▶ **GIVEN DATA**:

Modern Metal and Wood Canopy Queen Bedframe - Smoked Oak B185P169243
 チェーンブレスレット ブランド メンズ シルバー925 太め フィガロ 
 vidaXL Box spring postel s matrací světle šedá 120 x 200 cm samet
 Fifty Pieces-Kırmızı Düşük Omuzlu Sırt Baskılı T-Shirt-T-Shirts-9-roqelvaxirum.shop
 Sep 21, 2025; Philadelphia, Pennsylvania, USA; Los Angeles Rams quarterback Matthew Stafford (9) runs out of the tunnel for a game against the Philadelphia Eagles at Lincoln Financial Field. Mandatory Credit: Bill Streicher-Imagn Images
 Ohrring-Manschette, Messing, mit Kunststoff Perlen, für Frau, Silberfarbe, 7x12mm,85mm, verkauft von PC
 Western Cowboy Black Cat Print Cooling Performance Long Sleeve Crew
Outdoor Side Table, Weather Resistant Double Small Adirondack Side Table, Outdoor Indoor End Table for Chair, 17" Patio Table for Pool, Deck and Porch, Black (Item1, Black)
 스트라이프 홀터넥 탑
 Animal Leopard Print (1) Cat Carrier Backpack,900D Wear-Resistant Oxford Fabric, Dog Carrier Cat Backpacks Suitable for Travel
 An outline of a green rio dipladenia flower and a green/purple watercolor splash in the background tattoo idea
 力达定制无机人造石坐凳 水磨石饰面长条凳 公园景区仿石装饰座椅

▶ **WORK REQUIRED**: Once you reach the line containing "Sep 21, 2025;", transcribe it and each line after it through the end of the material, exactly and with nothing added.

▶ **RESPONSE BOX**:
 Sep 21, 2025; Philadelphia, Pennsylvania, USA; Los Angeles Rams quarterback Matthew Stafford (9) runs out of the tunnel for a game against the Philadelphia Eagles at Lincoln Financial Field. Mandatory Credit: Bill Streicher-Imagn Images
 Ohrring-Manschette, Messing, mit Kunststoff Perlen, für Frau, Silberfarbe, 7x12mm,85mm, verkauft von PC
 Western Cowboy Black Cat Print Cooling Performance Long Sleeve Crew
Outdoor Side Table, Weather Resistant Double Small Adirondack Side Table, Outdoor Indoor End Table for Chair, 17" Patio Table for Pool, Deck and Porch, Black (Item1, Black)
 스트라이프 홀터넥 탑
 Animal Leopard Print (1) Cat Carrier Backpack,900D Wear-Resistant Oxford Fabric, Dog Carrier Cat Backpacks Suitable for Travel
 An outline of a green rio dipladenia flower and a green/purple watercolor splash in the background tattoo idea
 力达定制无机人造石坐凳 水磨石饰面长条凳 公园景区仿石装饰座椅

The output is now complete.